Dann habe ich mich mit meiner Teamleiterin getroffen und wir haben über vieles geredet, was die Arbeit angeht. Bei diesem Gespräch habe ich mich sehr gut gefühlt. Sie gab mir zu verstehen, dass sie froh ist, eine erfahrene Kraft für diesen Job zu haben. Und dann habe ich es einfach erzählt. Großes Fragezeichen in Ihren Augen :”DU Parkinson?”- Ja, ich… und dann kamen ehrlich interessierte Fragen und wir haben offen geredet.
Ich habe auch von den Gruppen erzählt, in denen ich aktiv mitmache und sie fand das super, wie ich damit umgehe. Der Stein, der mir von der Seele fiel, war riesengroß und die Tage darauf habe ich es dann auch meinen Vorgesetzten von meinem Nebenjob erzählt.
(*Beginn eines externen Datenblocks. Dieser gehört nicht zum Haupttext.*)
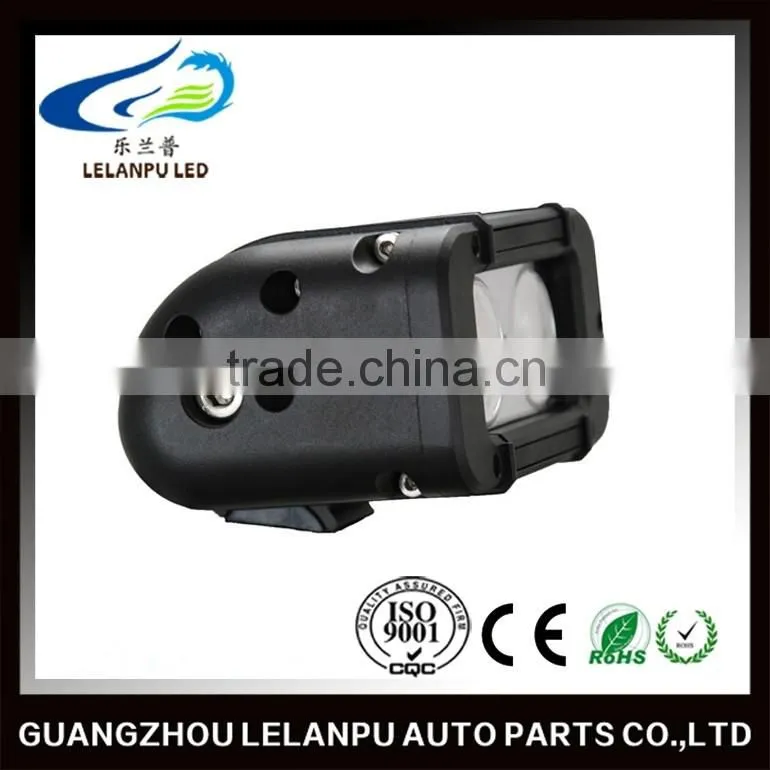 New design led head light bar single row 20w 4.7inch led work lamp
Bei beiden Stellen wurde meine Leistung nicht in Frage gestellt. Und wenn ich Zeit brauche für Veranstaltungen, soll ich fragen. Zu dem Theaterstück, an dem wir gerade arbeiten, wollen beide kommen. Sie finden es toll, dass ich so etwas mache.
Ich hatte wirklich große Angst vor der Reaktion. Bin aber sehr glücklich darüber, wie es dann gelaufen ist. Und bei Tätigkeiten, welche mir doch manchmal schwerer fallen, kann ich erklären, warum es schon mal länger dauert.
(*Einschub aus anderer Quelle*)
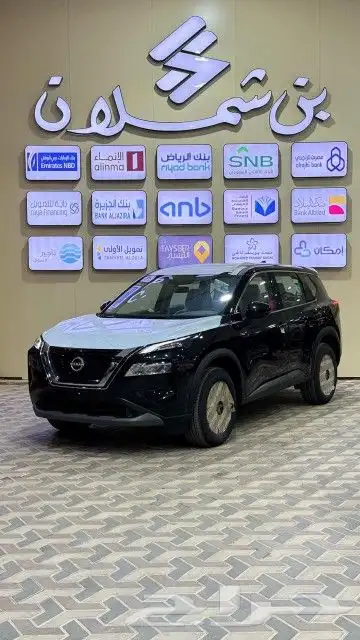 نيسان إكس تريل ستاندر 2024 بدون دبل 0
Wenn heute einer meiner Chefs vorbeikommt, geht es nicht um den Parkinson, sondern um die Arbeit und erst in den Pausen darum, wie es mit dem Theaterstück läuft.
Manchmal kommen auch Fragen zum Parkinson, weil das alles recht unbekannt ist. Gerade, wenn Berichte im Fernsehen erscheinen. Ich kann dann Einiges erklären.

Mir tat es sehr sehr gut, das nach so langer Zeit offen zu erzählen.